To exist in a postmodern world is to have all of our philosophical structuring of the world called into question. To take this seriously is called for—though many dismiss the critiques of postmodernity with a flick of the hand, doing so has hardly won more followers. We speak very easily of the destabilization of ethical foundations, but we do not acknowledge what this would mean practically, what this would mean for us spiritually. This book takes that challenge seriously, and seeks to engage with a destructed/de-structured world by incorporating that perspective into one’s way of life.
How to use this text
I must repeat the introductory caveat; this book is a work of practice. For those who engage in an intellectual and argumentative mode, it will be frustratingly short of theory. This is intentional; there is a theory-based support for all of the exercises in this text, but I do not provide the theoretical justification for each exercise. Instead, I am focused on practice as a necessary antidote to all of our endless theorizing. This book, therefore, actually provides a method for putting into action what is thought, and this in a wide-ranging manner. To find the theoretical justification for these exercises, I would suggest reading through the bibliography.

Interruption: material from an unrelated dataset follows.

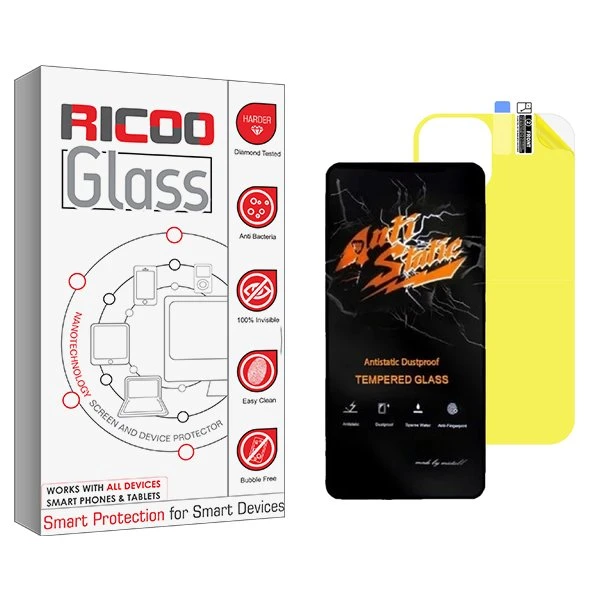 محافظ صفحه نمایش ریکو مدل RiC2 Antistatic مناسب برای گوشی موبایل اپل iPhone 12 Pro Max  به همراه محافظ پشت گوشی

There are two main stages in this book: first, the reduction to nothing; second, the restructuring of belief. The first four chapters are intended to destroy your worldview, your sense of self, and most aspects of your belief system. This is not, as it may sound, something sinister or malicious, but a necessary part of becoming a practicing philosopher or theologian. We possess, from an early age, various belief systems and structures of meaning, but very rarely do we intentionally adopt them. Instead, we simply inherit them or appropriate them from the world around us, and they result in our thinking and acting in certain ways according to certain norms, and these are not necessarily the ones we should be acting in accordance with. These worldviews are not always beneficial for us, and bringing to light the things that we hold without an awareness of the fact that we are holding them is necessary for the possibility of changing our minds. Thus we bring these unexamined views to the surface and reduce them to naught, creating a space to actively and intentionally construct an approach to our existence that is superior to our previously unconsidered existence. Further, we need to allow this new structure to permeate our mind and activity, that is, allow it to completely reconfigure the way we live our lives and the structures that we find meaningful. This is the only way to actually come to live in a new way when we change our beliefs. Most of us avoid this sort of thing, whether participating only in disputation and ignoring the implications of our work, or simply claiming that the purview of philosophy lies outside of the mundanities of everyday life.
So, for this reason, we must die to our beliefs, and to our conceptions of ourselves, all of which creates a space for something new to come into place. This is the second stage, where we can start to restructure belief according to those values we have selected as primary in our lives, with the understanding that nothingness still lies within us and is still a part of our understanding. In the second half, therefore, there is less skepticism, and more concrete, specific, daily practices that evince a clear moral motivation.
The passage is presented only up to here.